What makes this fax utterly remarkable is that it describes a program planned in the highest echelons of the state, in the president's court, to eliminate a part of his population. It uses the word "extermination." The fax says that the informant believes it is for their extermination. If you go around the U.N. and you say, "What's extraordinary about that fax?" they say, "We got a lot of faxes." If you ask them how many faxes they believe they've [received], say, in the last 50 years, since genocide became defined as a crime, that talk about a plan in the head of state's chambers to exterminate his people, I think that they can't really count them. They can't think of any. The answer is, this is extraordinary. It's utterly extraordinary language: the precision, the detail, the confidence in the tone of the fax. That the U.N. field commander trusts his informant is unmistakable.
It's really important to remember, the fax is not headed "Request to Take Action." It's headed "Request for Protection for Informant." The force commander presumes that it was okay to take action. And he says, "Look, my mission, my rules are to go out there and to seize these illegal arms caches. (Kigali was supposed to be a weapons-free zone under the U.N. mandate.) I'm going to go out and seize these arms caches. I know they're there. I believe my informant. What I want to know is how to protect him. This man has come forward at tremendous risk to himself. (He believed that his informant [was] at risk.) Tell me how to do that." And the U.N. said, "We don't know how."
Another thing that makes this a truly extraordinary fax is that everything in it came true. Now, U.N. people, in their own defense, at peacekeeping headquarters (now the secretary-general's office) will tell you, "Well, hindsight isn't a fair way of looking at this." Well, but all judgment of history has to be made in hindsight. And the fact is, here was a force commander saying he trusted the man. The man told a lot. What the man told proved to be entirely true, which is what the force commander thought. His judgment was confirmed. And instead, the informant was lost, so we never got to hear more from him. Because once he was denied protection, good-bye.
It's astonishing in this fax, too, that there is a threat to the peacekeepers. The fax announces a plan to shoot Belgian peacekeepers. That should really be special in U.N. headquarters because as we know in this day and age, one of the greatest fears of anybody who thinks about engaging in peacekeeping forces is having body bags come back ... and here's an announcement that: Guess what? The people that are planning to exterminate part of their population are also planning to set the thing in motion by shooting the mostly European mainstay of the peacekeeping force. That alone should make it an extraordinary fax even if one doesn't care about the extermination of Rwandans.

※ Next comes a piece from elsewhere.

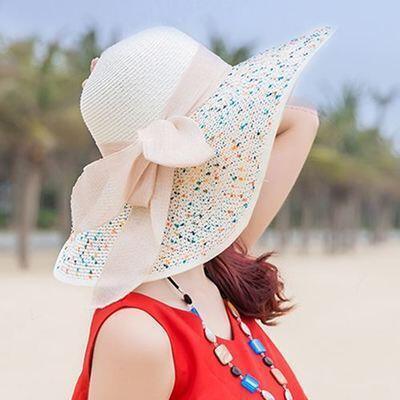 Large Brim Dots Floppy Hat Sun Hat Beach Women Hat Foldable Summer Uv Protect Travel Casual Hat Female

How did the U.N. respond to this fax?
Essentially, the response of the peacekeeping headquarters in New York at the U.N. headquarters was to treat this fax as a routine bureaucratic matter. It set off no special alarm bells that rang loudly. It was not disseminated. One sometimes can imagine if that fax appeared on the front page of all the world's major newspapers, on the TV and so forth. In other words, a lot of influence could have been exerted by leaking this fax and drawing attention to this crisis. No. It was treated as a routine bureaucratic matter. And the idea was: Let's just stick with the rules. We're not obliged to do anything in response to such information. What our mandate rules (and the U.N. loves to fall back on mandate rules) are, we should tell the president that there's a cease-fire violation been reported. And so the U.N. commanders were instructed to go to the president and tell him that they had this information about illegal arms caches and about rumors of a program to commit massacres, and to say, "Gee, this is against the rules of the cease-fire that we're here to enforce."

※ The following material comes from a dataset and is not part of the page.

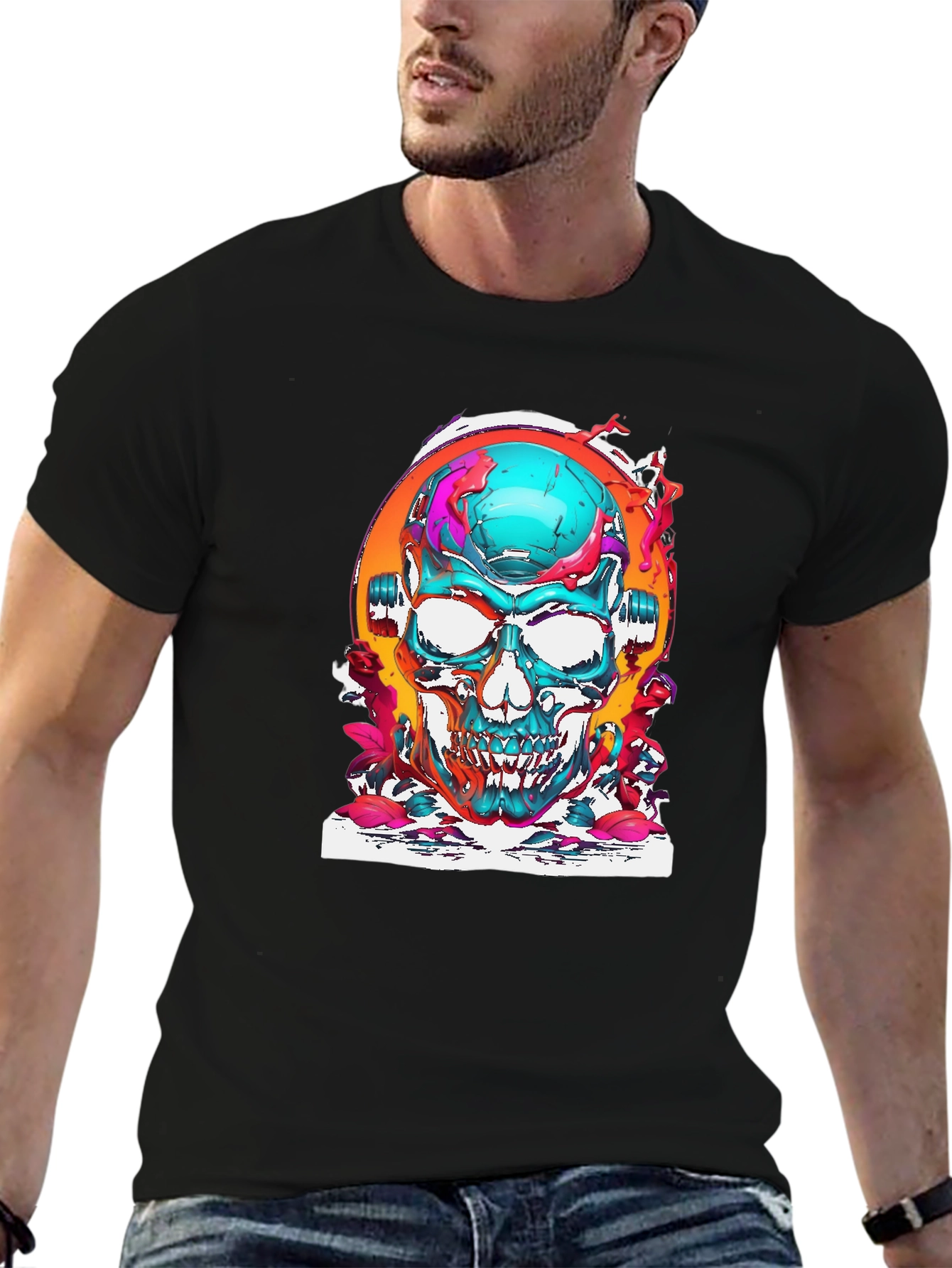 Skull Graphic Tee - Vivid Artistic Design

The absurdity of this is that essentially what they were doing is, they were being charged to go to the president and tell him that he had a leak in his own court, where the planning of a genocide was taking place, and to say, "By the way, we've been tipped off." Well, that would make the informant's position even more precarious than ever before. It would alert the president rather than punish him. It would just tell him, "Be careful." It's a little bit like the way we would say to Saddam, "We're coming to inspect. You get two weeks to move your stuff." And so the president was alerted to this ...
Why did they tell them not to go after the gun caches, and to tell the president ...
The interahamwe was a militia being run by the president's political party. It was being run by his cronies, by his business partners, by his colonels and generals. He was not always at the very command top of it, but he was totally involved in the circle of people who were planning these massacres, and who were plotting to scrap the peace process and seize power through massacres and through a war against the Tutsis rather than a war against the real military enemy.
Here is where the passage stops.